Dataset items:
====
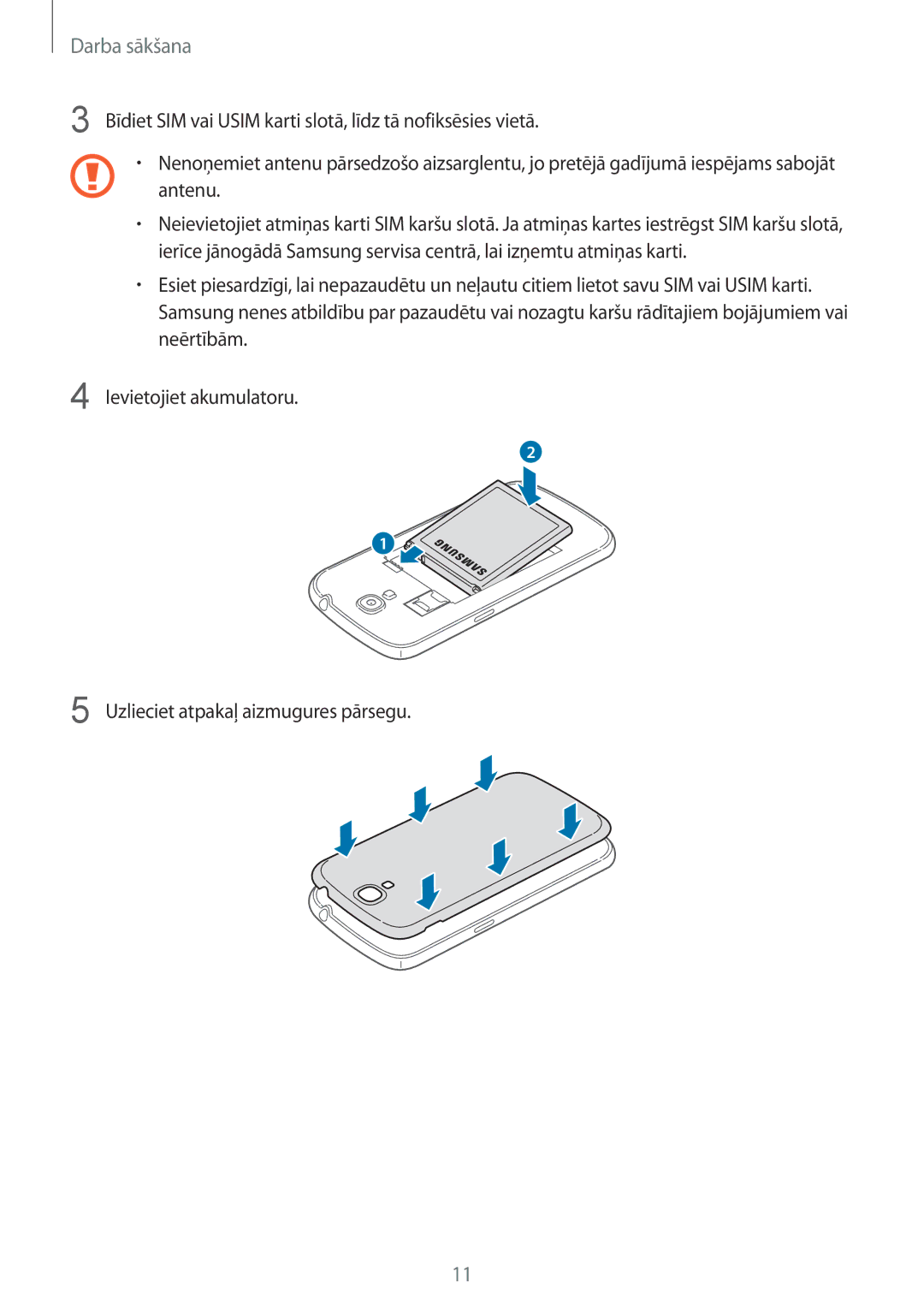 Samsung GT-I9205ZKASEB manual Bīdiet SIM vai Usim karti slotā, līdz tā nofiksēsies vietā 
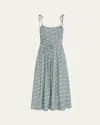 Veronica Beard Millie Floral Tie-strap Midi Dress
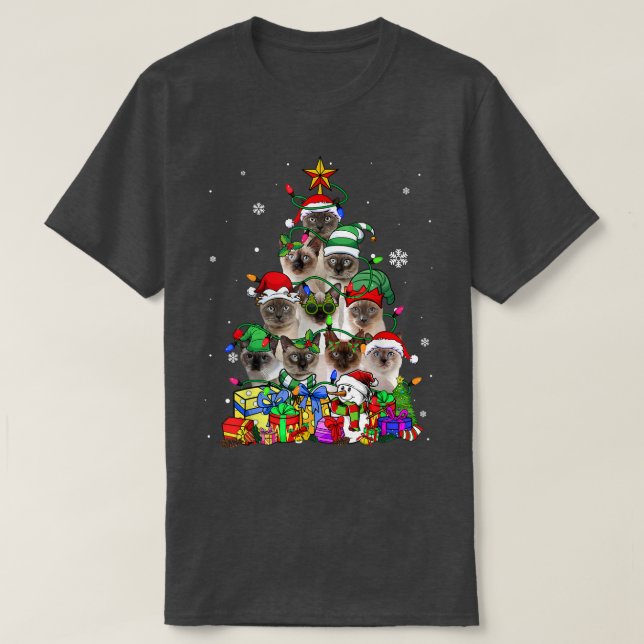 Camiseta Cat Lover Funny Siamese Tree Christmas Light  (Frente do Design)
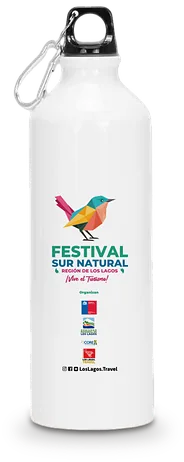 Botella de aluminio con el logo del Festival Sur Natural de Sernatur Los Lagos, Puerto Montt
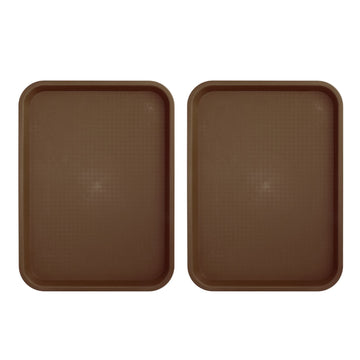 2pcs Food Tray Multifunctional Thickened Slip Resistance Chinese Fast Food Serving Tray for Dining Hall RestaurantsCoffee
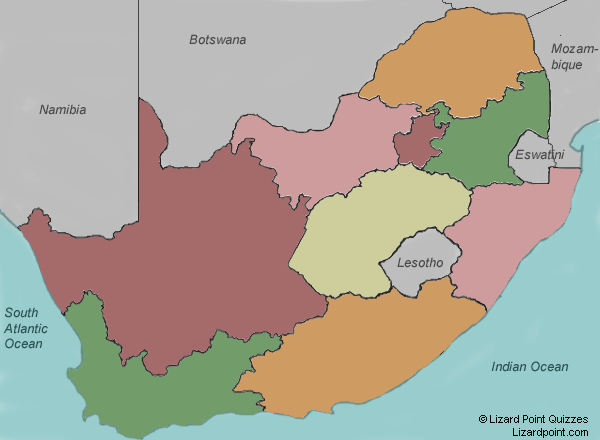 Test your geography knowledge - South Africa provinces | Lizard Point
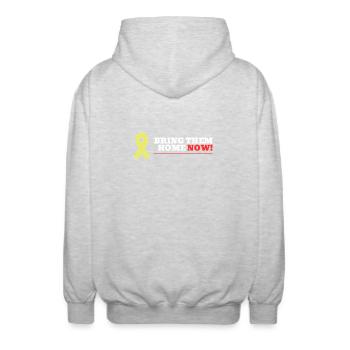 Bring them home NOW! - Unisex Kapuzenjacke - Hellgrau meliert - Hinten - AI Model Male 185 light (185cm)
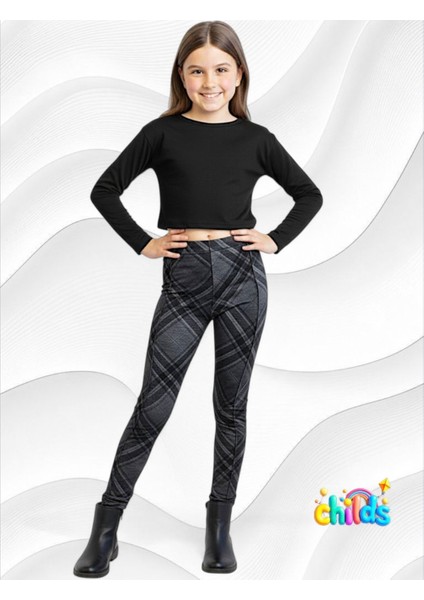Ekoseli Gri Çelik Interlok Orta Kalın Pamuklu Likralı Kız Çocuk Nervür Dikişli Pantolon Tayt modelleri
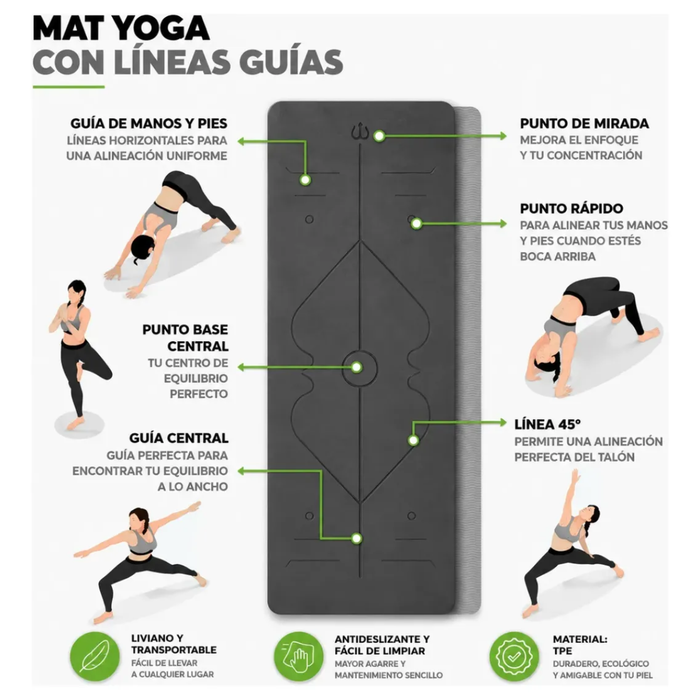 Mat Yoga Antideslizante Tapete Alfombra Ejercicio Pilate 5mm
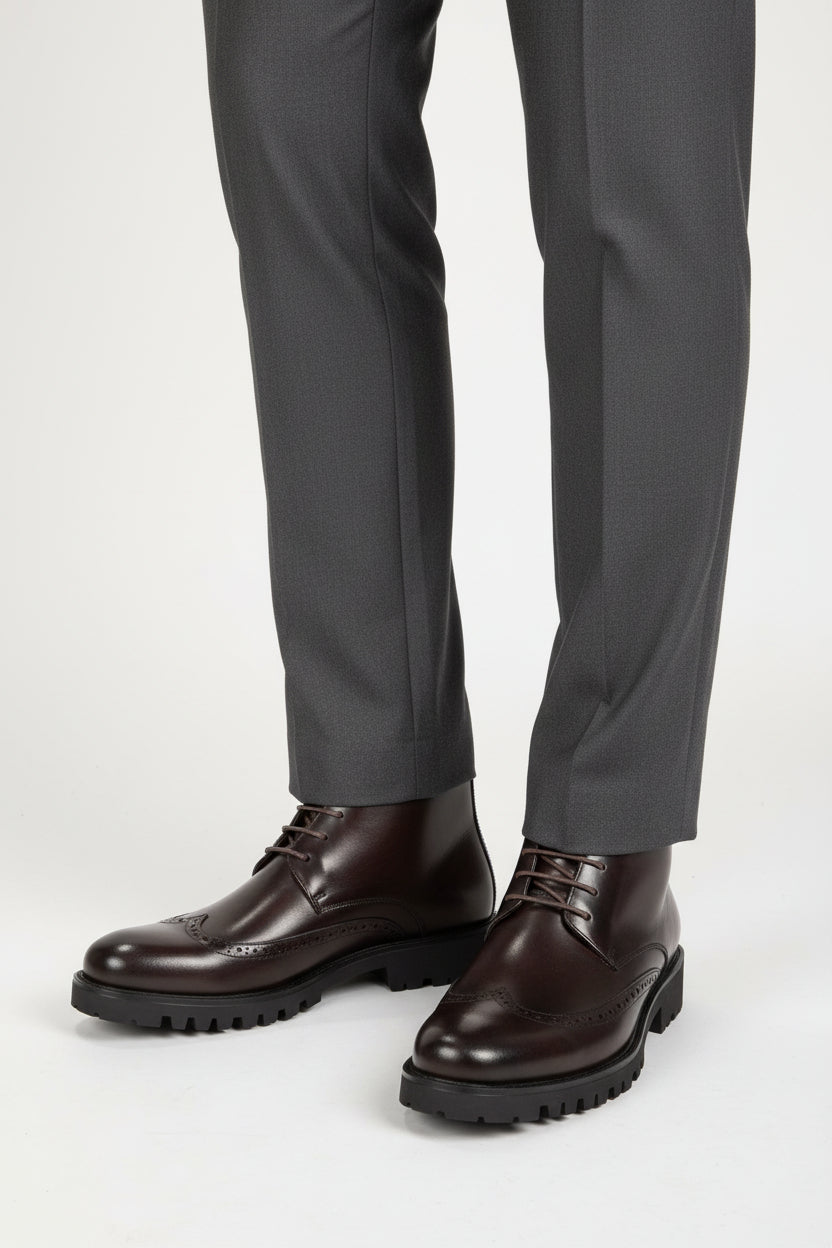 Coffee brown leather brogue ankle boot
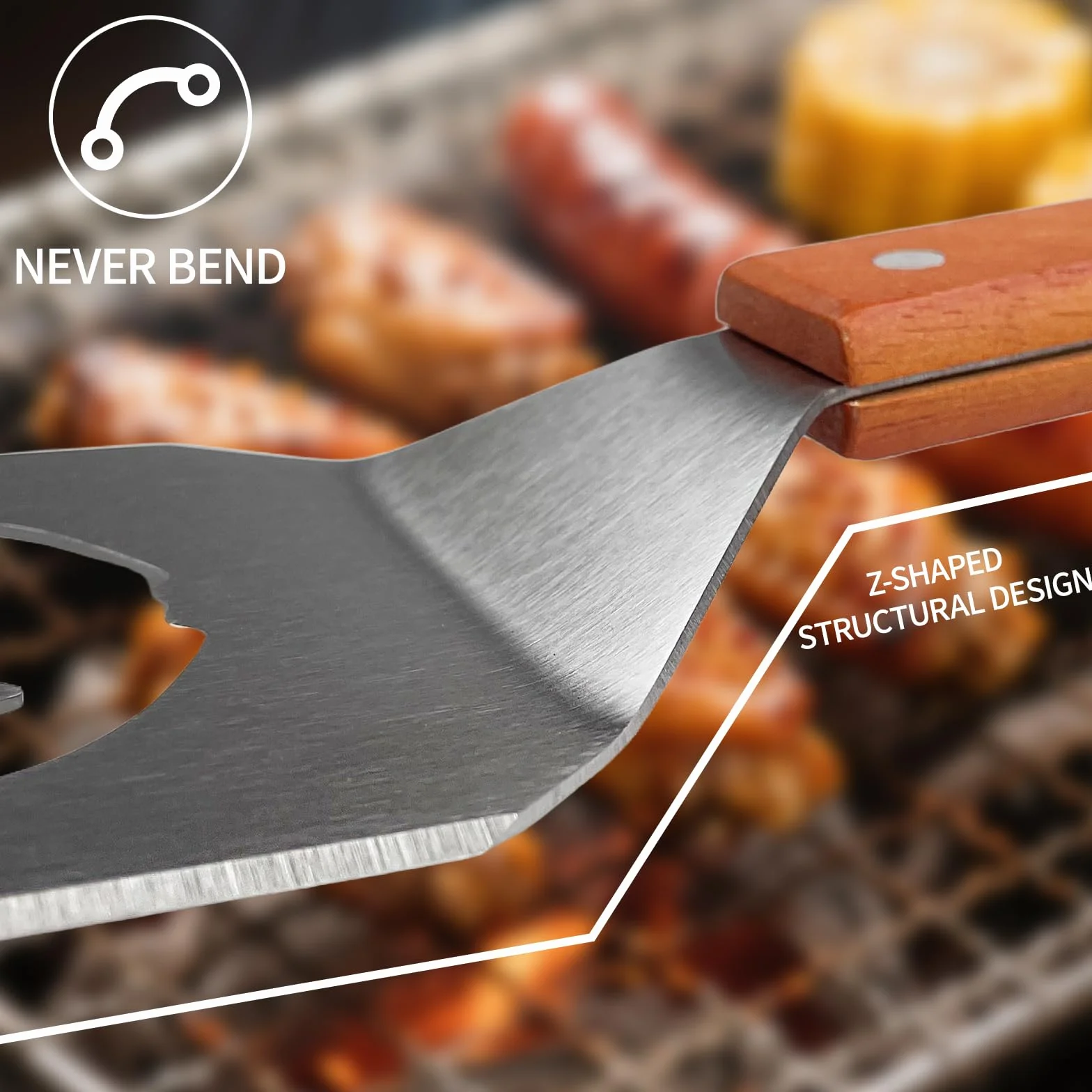 Barbecue Spatule Acier Inoxydable Set 41.5x8cm INOX Ustensiles Professionnel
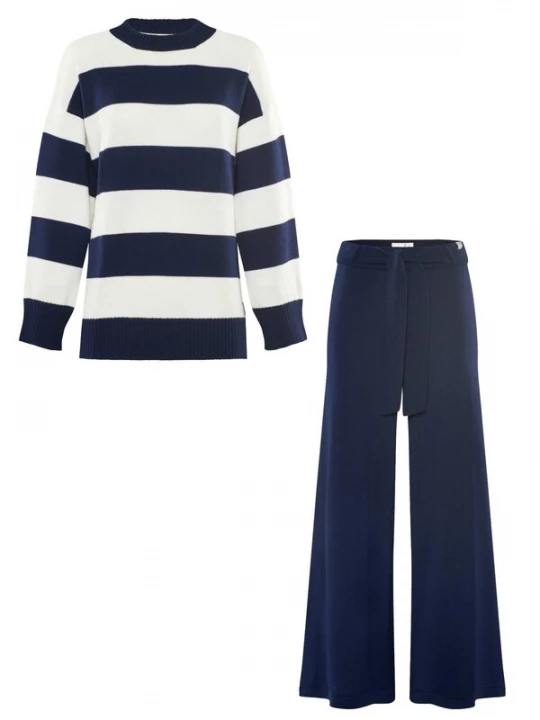 Foto van product YOU LOOK PERFECT Huispak 'LOUNGEWEAR SET - Pullover Felia & Pants Bailey' donkerblauw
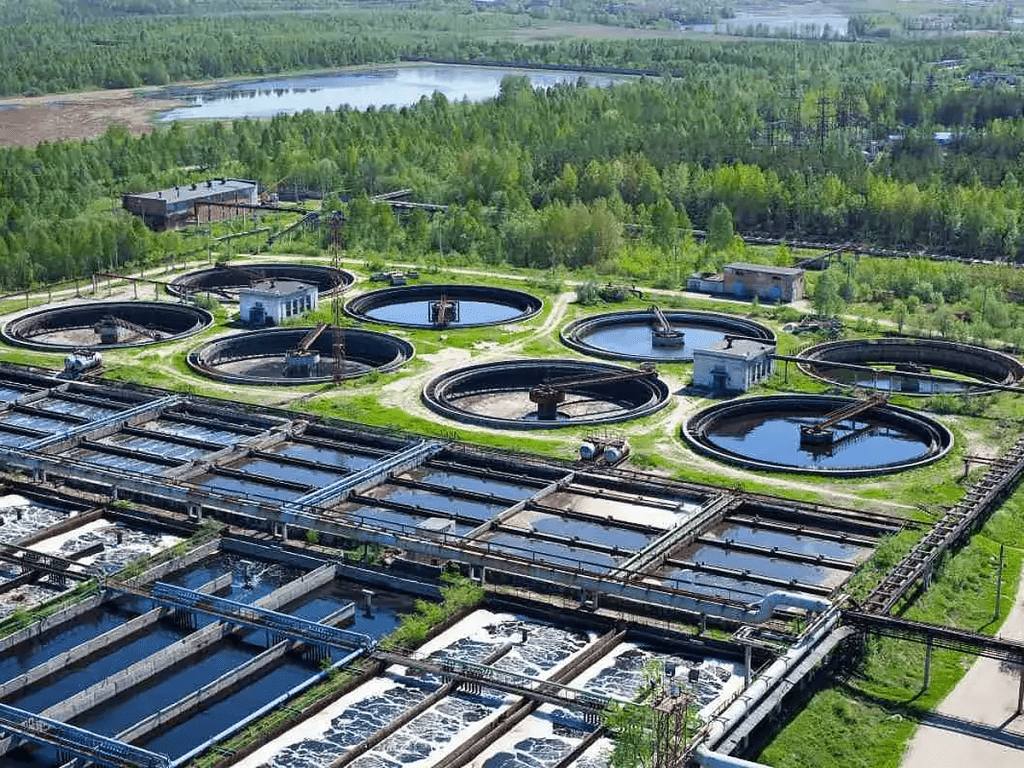 Aerial photo of Oldsmar Water Treatment plant, Florida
====
• The problem
Taking each record in turn, retype it exactly and drop any picture.

• Written response
 Samsung GT-I9205ZKASEB manual Bīdiet SIM vai Usim karti slotā, līdz tā nofiksēsies vietā 
 Veronica Beard Millie Floral Tie-strap Midi Dress
 Camiseta Cat Lover Funny Siamese Tree Christmas Light  (Frente do Design)
 Botella de aluminio con el logo del Festival Sur Natural de Sernatur Los Lagos, Puerto Montt
 2pcs Food Tray Multifunctional Thickened Slip Resistance Chinese Fast Food Serving Tray for Dining Hall RestaurantsCoffee
 Test your geography knowledge - South Africa provinces | Lizard Point
 Bring them home NOW! - Unisex Kapuzenjacke - Hellgrau meliert - Hinten - AI Model Male 185 light (185cm)
Ekoseli Gri Çelik Interlok Orta Kalın Pamuklu Likralı Kız Çocuk Nervür Dikişli Pantolon Tayt modelleri
 Mat Yoga Antideslizante Tapete Alfombra Ejercicio Pilate 5mm
 Coffee brown leather brogue ankle boot
 Barbecue Spatule Acier Inoxydable Set 41.5x8cm INOX Ustensiles Professionnel
 Foto van product YOU LOOK PERFECT Huispak 'LOUNGEWEAR SET - Pullover Felia & Pants Bailey' donkerblauw
 Aerial photo of Oldsmar Water Treatment plant, Florida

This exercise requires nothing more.